* _DATA EXTRACT_
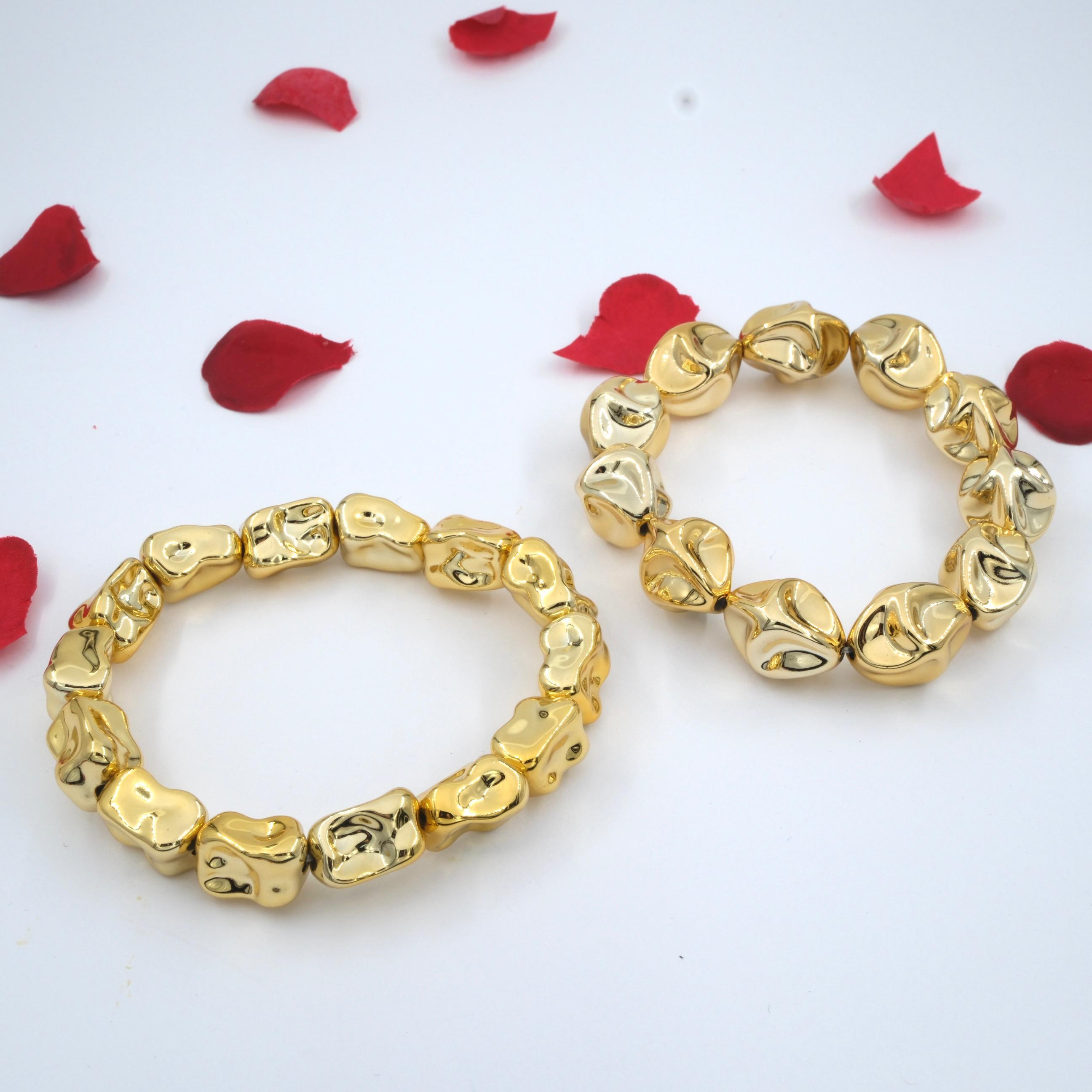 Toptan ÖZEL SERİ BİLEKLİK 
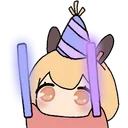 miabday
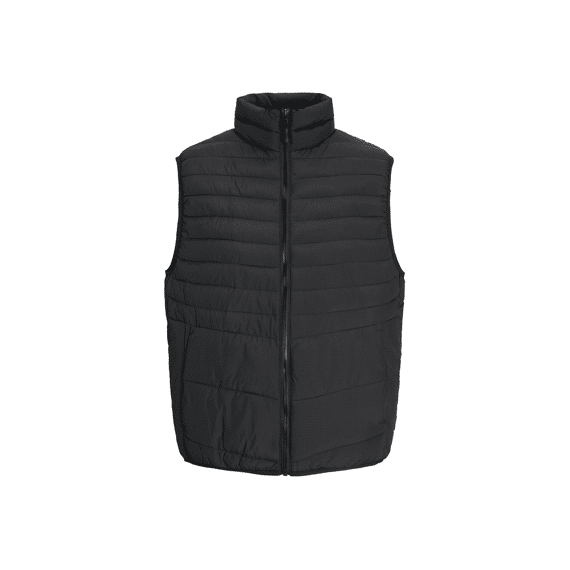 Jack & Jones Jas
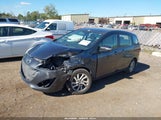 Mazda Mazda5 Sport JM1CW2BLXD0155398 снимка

* _EXERCISE DETAILS_
Aside from its pictures, the listing must be given again in full, exactly as it appears.

* _ANSWER TO THE EXERCISE_
 Toptan ÖZEL SERİ BİLEKLİK 
 miabday
 Jack & Jones Jas
 Mazda Mazda5 Sport JM1CW2BLXD0155398 снимка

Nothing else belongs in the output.